* **Directions for this task**: Copy the data that follows exactly. Include no pictures.

* **Material provided**:
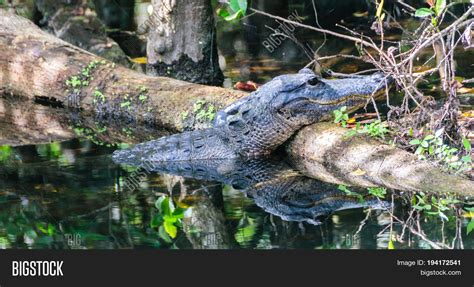 Alligator Swamps Image Photo Free Trial Bigstock
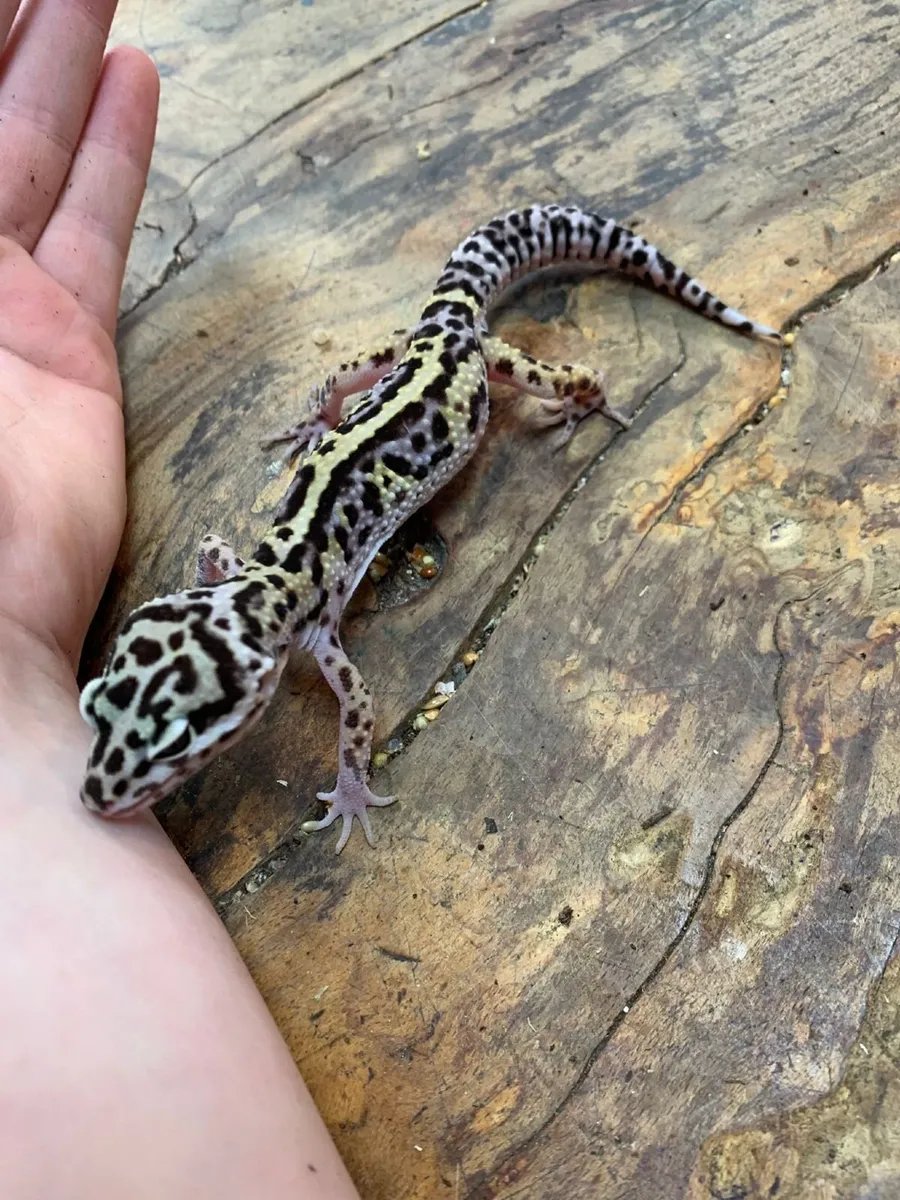 Leopard Geckos For Sale - Image 3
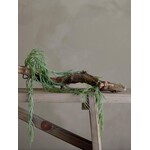 Kunstplant Hoya linearis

* **Problem solution**:
 Alligator Swamps Image Photo Free Trial Bigstock
 Leopard Geckos For Sale - Image 3
 Kunstplant Hoya linearis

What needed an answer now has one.